Cook Inletkeeper and Their Renewable Energy Hypocrisy

Cook Inletkeeper and Their Renewable Energy Hypocrisy

April 23, 2020

Power The Future highlighted Cook Inletkeeper last year, illuminating that nine of the Homer, Alaska-based radical environmental organization’s top ten donors were foundations headquartered in the Lower 48.  Doing the bidding of those foundations (and their donors like Tom Steyer and other anti-development ideologues) is what keeps Inletkeeper solvent, rather than in-state donors responding to their actual impact on the Alaskan environmental landscape.

Based on our continued pressure of pointing out the hypocrisy of Inletkeeper, where they say one thing and then do another, our Alaska State Director, Rick Whitbeck, was banned from their Facebook page. While they have no desire to see factual posts criticizing their efforts, they have a strange fixation on commenting on Power The Future’s activities.  The lead antagonist for their organization is Bob Shavelson.
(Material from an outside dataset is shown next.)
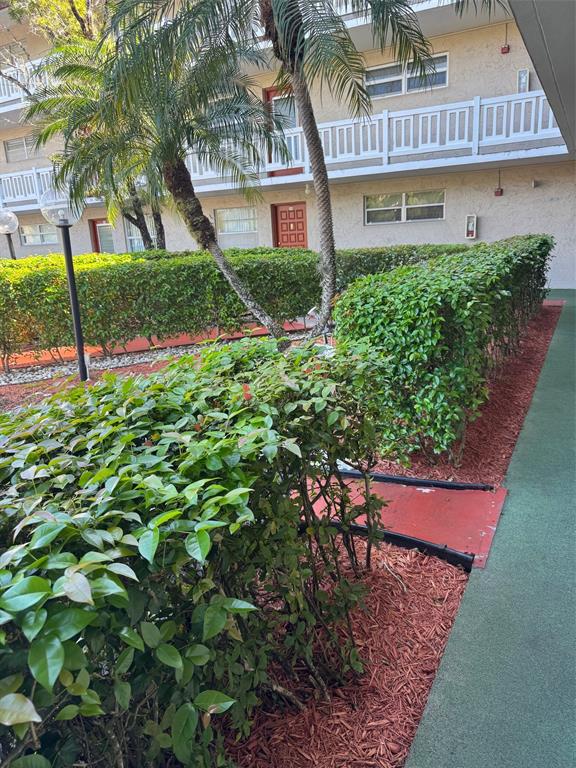 3774 Inverrary Boulevard, Unit 106P Lauderhill, FL 33319 - Photo 27 of 29 a view of a house with a yard and potted plants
Shavelson is the Advocacy Director with Inletkeeper.  An eco attorney by trade before joining Inletkeeper, he acts as the “big-bark-but-little-bite” mouthpiece for his organization in their attacks against development projects, and especially against Power The Future.

Yesterday, on Earth Day, Rick penned an op-ed that was published on Must Read Alaska, as part of its Fifth Anniversary Week series.  The post reached thousands of people, and generated a number of comments on the website and Facebook – both pro and con to Rick’s thesis – including one from Shavelson, which read in part:

“And here’s a thought: if you listen to us “eco-radicals”, we want to detach from big oil because big oil ALWAYS screws us. ALWAYS.  Alaska has world class renewables, and if we develop them, our energy costs go to ZERO…” (emphasis added)

So here’s where it gets humorous. 

Shavelson and Inletkeeper had an incredible opportunity to support a substantial green energy project.  The Susitna hydroelectric project would have supplied electricity for almost two-thirds of Alaska’s population.  It would have met nearly 50% of Southcentral Alaska’s needs at the time it was proposed. 

But Inletkeeper formally opposed the project.  Yes, you read that right, they opposed it.  They didn’t want to potentially impact salmon spawning in the river, so their board formalized a resolution opposing the project in its entirety.

So much for supporting renewable energy, Inletkeeper.  To rephrase the old Jedi sage, Yoda, “The insincerity is strong with these ones.”